Case Study 1: Can your vendor really do the job? How will you know?
Our client had a design that involved joining two plastic parts using ultrasonic welding. The integrity of the joint was critical to the function of the product. An injection molding vendor was selected based on his familiarity with ultrasonic welding. Prototype samples appeared to meet the design expectations. However, soon after launch, joint failures were discovered by customers. The product launch was abruptly cancelled to stem the tide of customer returns and to allow a remedy to be put in place.How would the materials engineering perspective prevent such a failure?
The main problem here was that the weld joint was not seen as being a critical aspect of the design. Consequently, proper attention was not given to specifying and evaluating the joint strength. Both of these are critical to selecting optimum materials and controlling the variation of their properties. In this case, the material that made up the weld joint was of concern.The joint strength could be estimated using a simple mechanical analysis involving the shapes of the components and the properties of the materials. Knowledge of the expected joint strength provided the basis for conducting tests to evaluate the joint strength.
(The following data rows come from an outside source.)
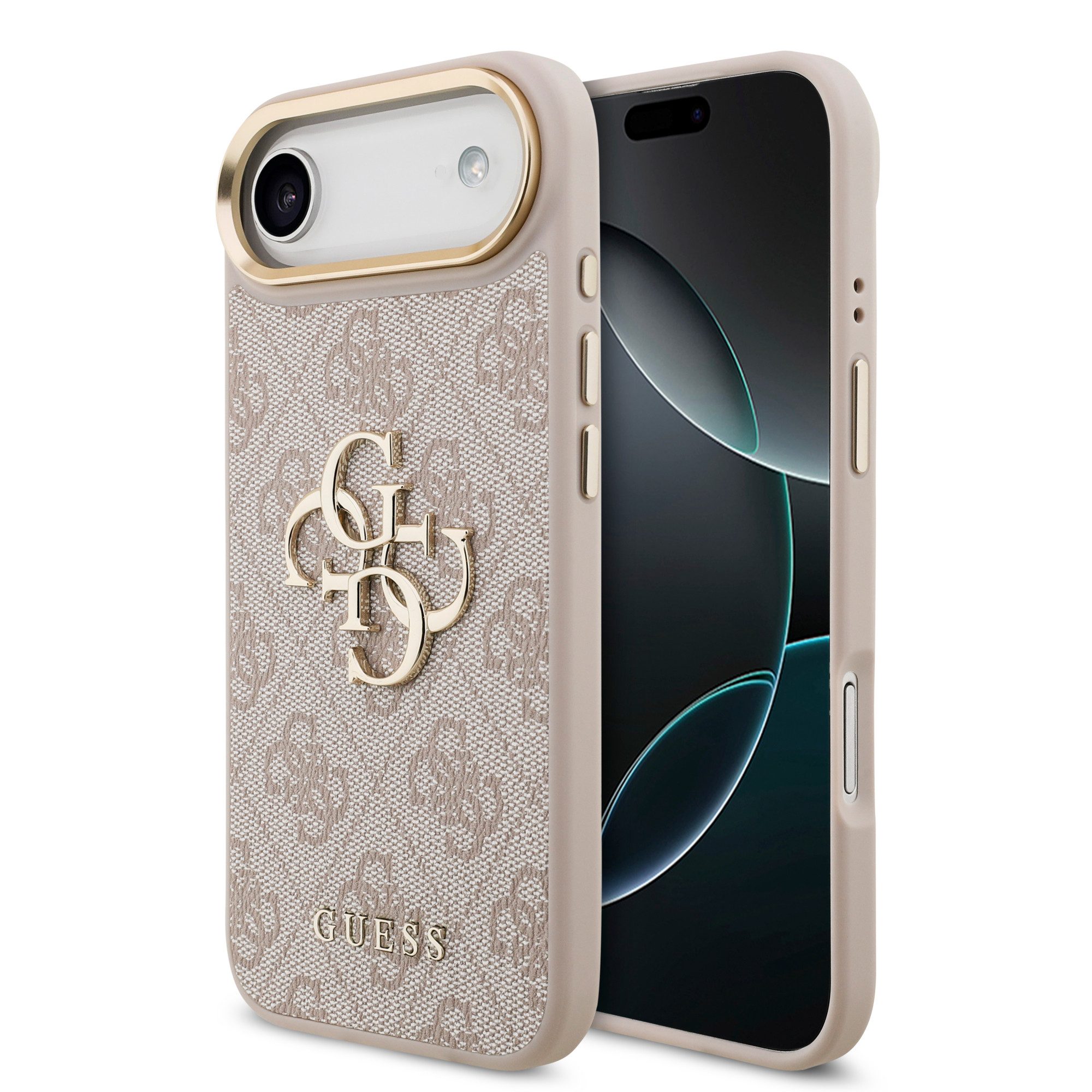 Guess Handyhülle GUESS Case für iPhone Air Metal Logo Gold Hülle Cover Rosa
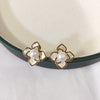 Women's Natural Freshwater Pearl Camellia Baking Paint Earrings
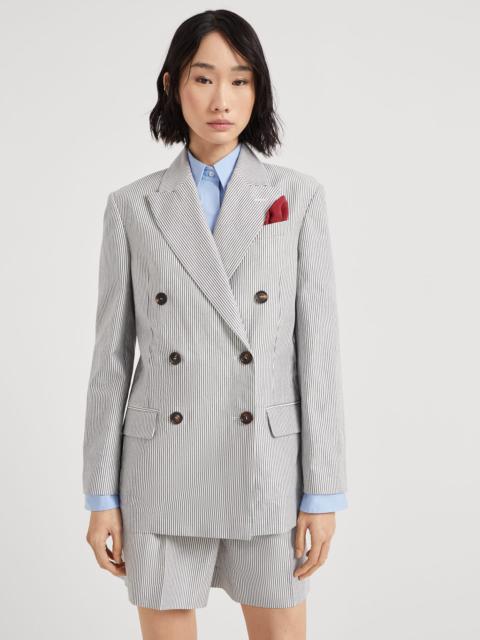 Brunello Cucinelli Striped cotton and linen twill blazer with monili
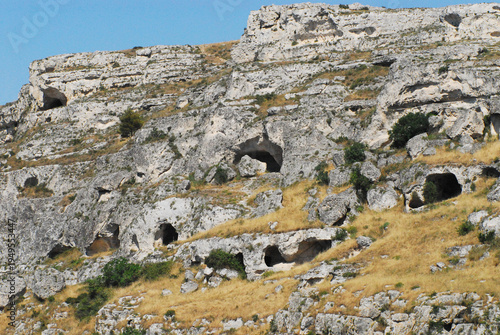 Fotografie italy-matera-panoramic-landscape-ancient-cave-houses-homes-dwellings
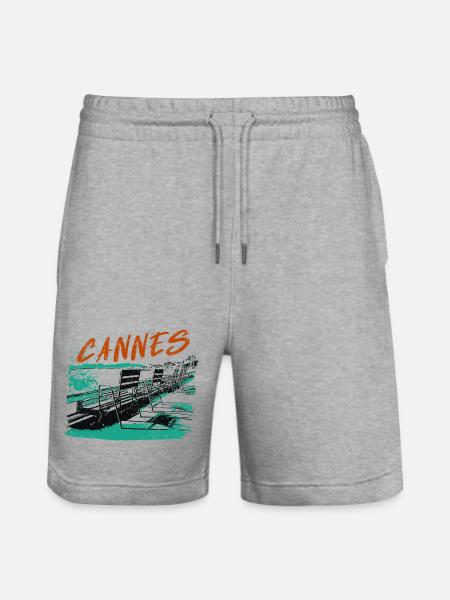 Cannes Côte d'Azur Illustration - Stanley/Stella Trainer Unisex Organic Jogging Shorts - heather grey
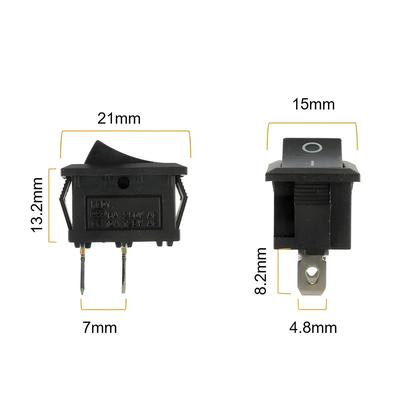 Imagem de Interruptor Mini Rocker 12V ON/OFF Pré-Cabeado 6A 250V 10A 125V AC DC Elétrico Para DIY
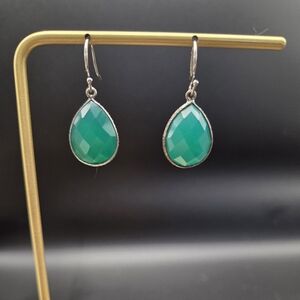 Silver and Onyx Teardrop Earrings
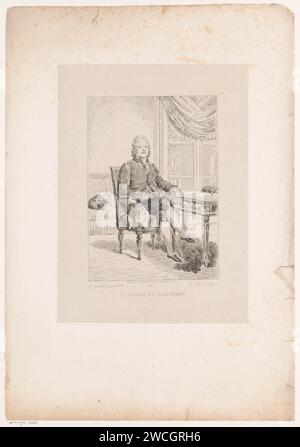 Portret van Charles-Maurice de Talleyrand, Pierre Michel Adam, d'après François Gérard, imprimeur 1829 : Franceafter peinture par : Franceprinter : papier de Paris. gravure de personnages historiques Banque D'Images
Before selecting a supplier, samples of one of its products should be evaluated. In this case, the evaluations would include cross-sectioning to evaluate the appearance of the joints and mechanical testing using standard tensile testing equipment to measure joint strength.
Once the bad joints surfaced process development experiments were conducted. Variances found in the welding processes were addressed with revisions to welding procedures and fixtures. Ultimately the weld joint met the revised expectations for strength and production yield.
Busted Myths
Remediation of the problem did not require re-tooling, changing materials, or any expensive and extensive analysis. This issue would have been exposed early on by conducting a materials risk review. The actual cost associated with identifying the root cause of the joint failure and implementing a remedy was trivial compared to the lost revenue and tarnished reputation.